Task directions.
Leave every picture out and print exactly the lines that run from the one containing "Triumph 595 955 - , yoke" to the end of the listing.

--- --- ---

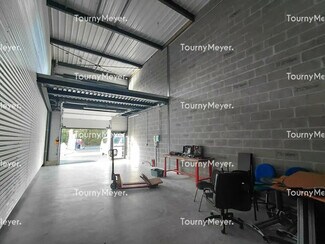 Plus de détails pour Local d'activités à louer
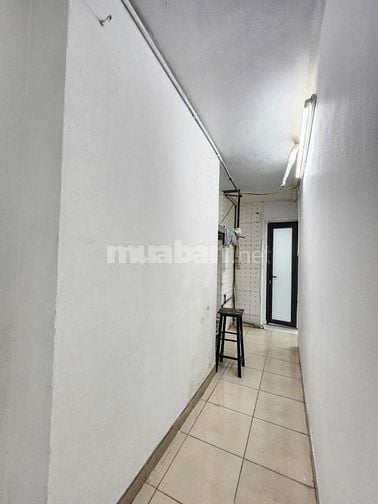 Tập thể tầng 1 ÔTO đỗ cửa 2 mặt ngõ Kinh doanh Mạt tiền 5m 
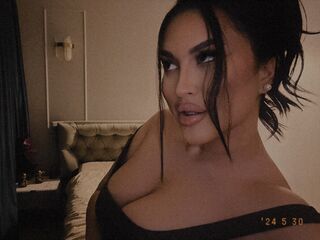 topless webcamgirl DaphneAver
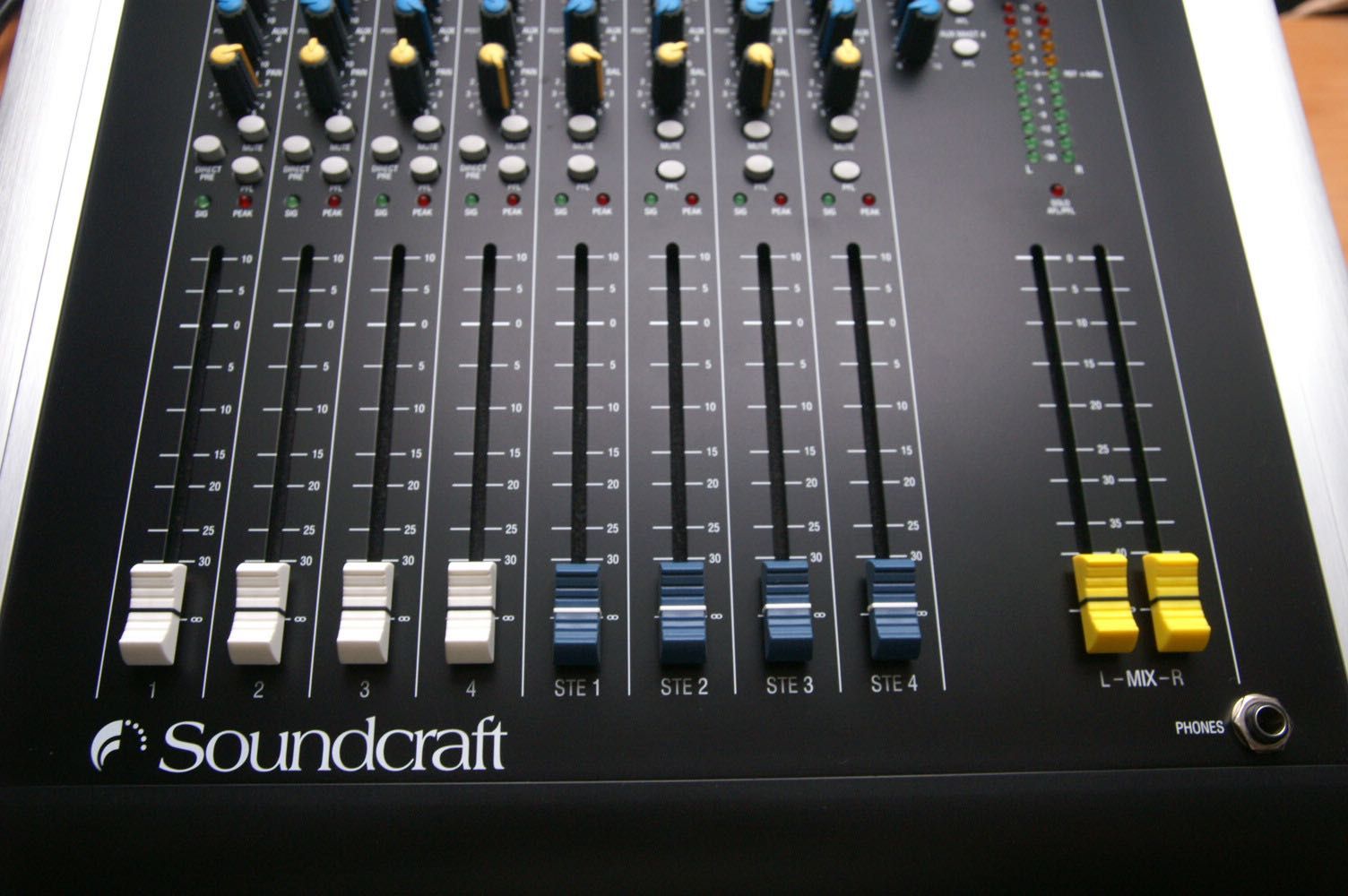 Mikser audio SOUNDCRAFT SPIRIT M4 - jak nowy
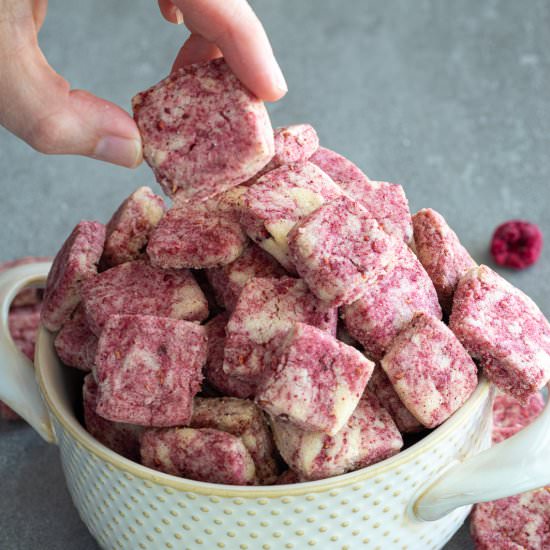 Raspberry Shortbread Bites - Recipe photo by Aredspatula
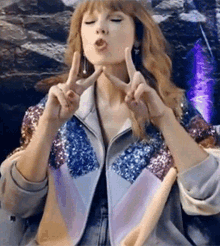 taylor swift taylor swift heart peace peace out smile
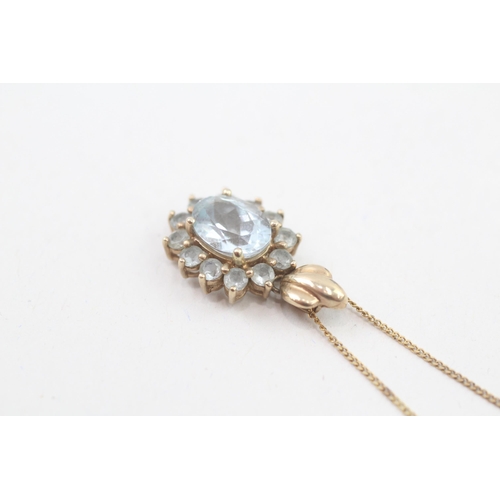 19 - 9cg gold aquamarine cluster pendant and chain (1.9g)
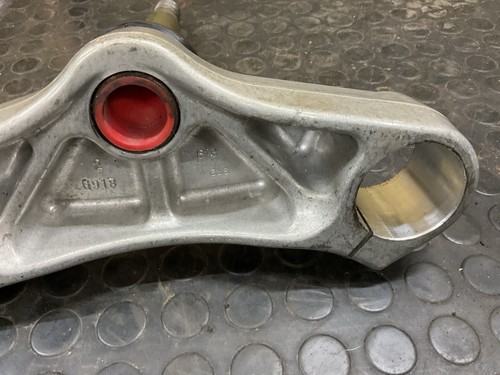 Triumph 595 955 - , yoke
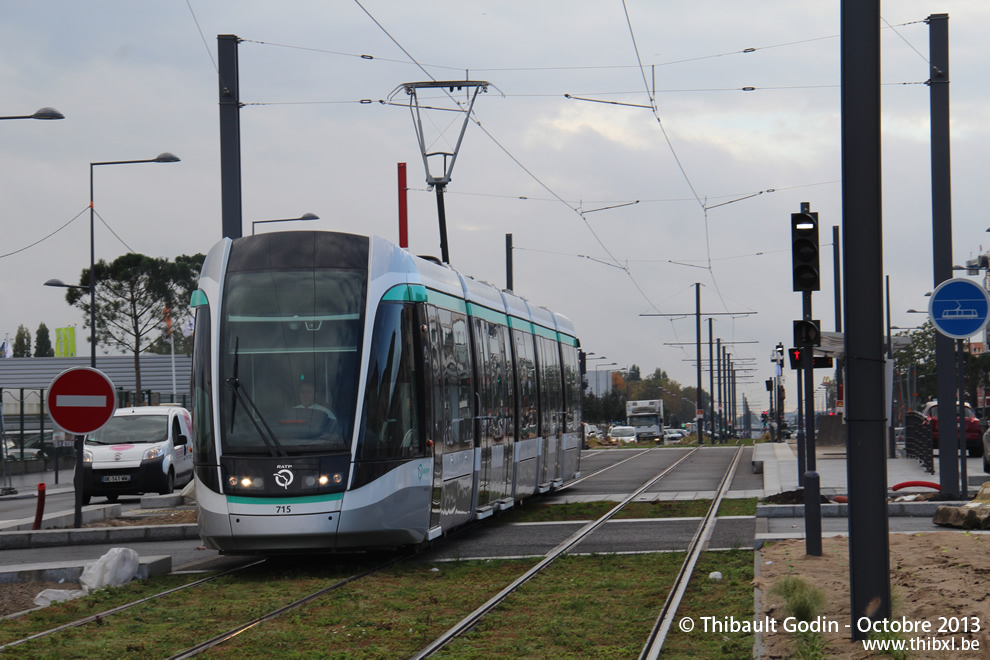 Tram 715 sur la ligne T7 (RATP) à Villejuif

--- --- ---

Written response.
 Triumph 595 955 - , yoke
 Tram 715 sur la ligne T7 (RATP) à Villejuif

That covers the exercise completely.